- Genre: Horror; Crime;
- Language: American English

Production
- Length: Approx. 60 minutes

Publication
- No. of seasons: 14
- No. of episodes: >300
- Original release: January 22, 2017
- Provider: Cryptic County

Related
- Website: letsnotmeetpodcast.com

= Let's Not Meet: A True Horror Podcast =

Horror and crime podcast

Let's Not Meet: A True Horror Podcast is a horror podcast produced by Cryptic County consisting of stories from real people who have experienced real horror incidents and unwanted encounters.

== Background ==
Cryptic County prefers using as few sound effects and music as possible and instead focus on the storytelling. The host reads roughly six stories in each episode, which are about one hour in length. The show tells true horror stories written by people who have experienced unwanted encounters.
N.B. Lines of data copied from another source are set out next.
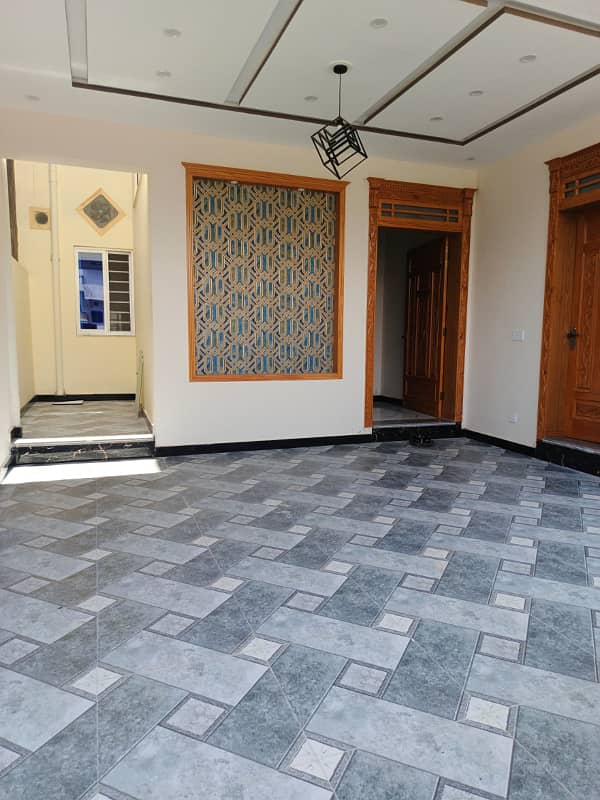 7 Marla Full House For Rent In G-13 islambad 12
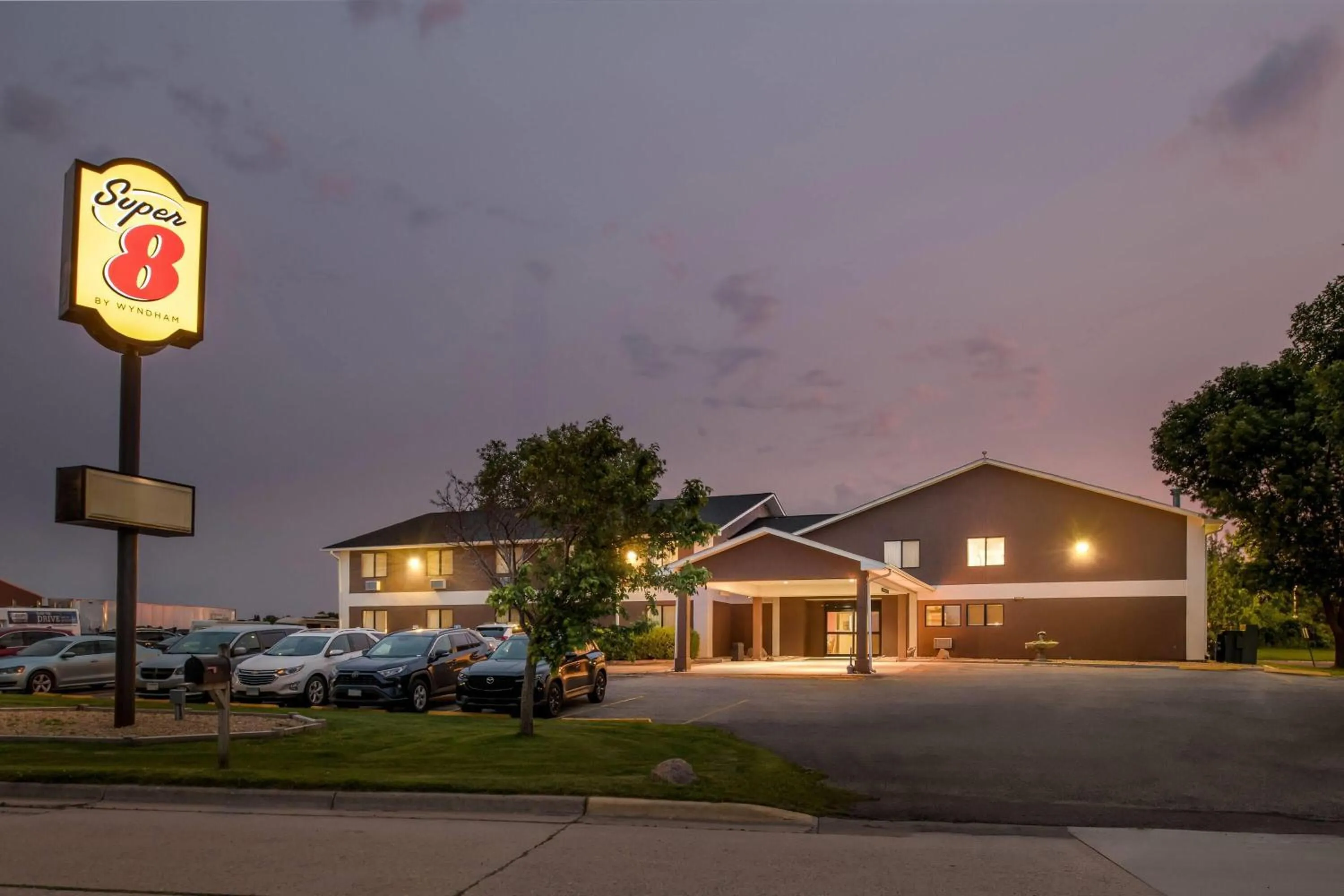 Property building in Super 8 by Wyndham Blue Earth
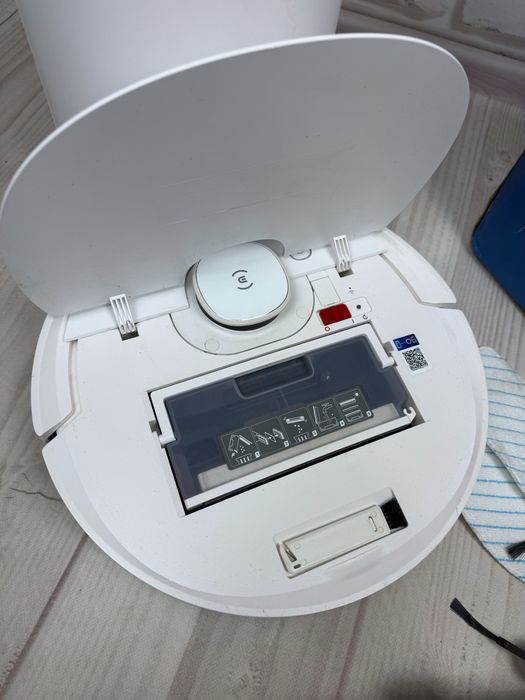 Ecovacs Deebot T9+ Робот пилосос зі станцією самоочищення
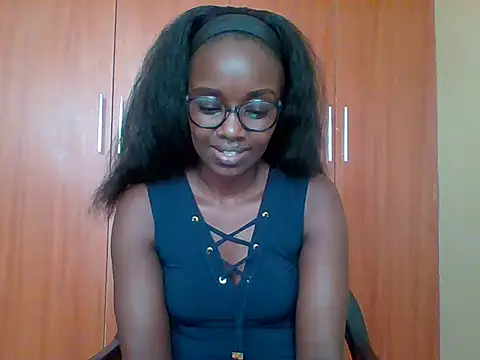 Snapshot of sexy_darleen23 chatting on 04.28.26 sexy darleen23 online show from 04.28.26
The show has released over 280 episodes over the course of twelve seasons.

== Reception ==
The show was a finalist in the 2019 Discover Pods awards. Podcast Magazine ranked the show as number twenty-five on their list of the best horror and crime podcasts. Anthony D. Herrera of The A.V. Club commented on the show saying that "there is some variation in the quality of the writing ... [but] the authenticity always shines through." Madeline Wahl of Reader's Digest praised the show saying that the listener will "be hooked (and a little jumpy) after listening to just one episode." Emily Stein of CrimeReads praised the show's host saying that "…does an excellent job of convincingly taking on the voice of each writer." Nicky Idika of PopBuzz commented on the show saying that the show "will have you thinking carefully about every interaction you have from now on." Kayla Osborne of The Camden-Narellan Advertiser commented on the show saying that the "podcast is the equivalent of the hair on the back of your neck standing up."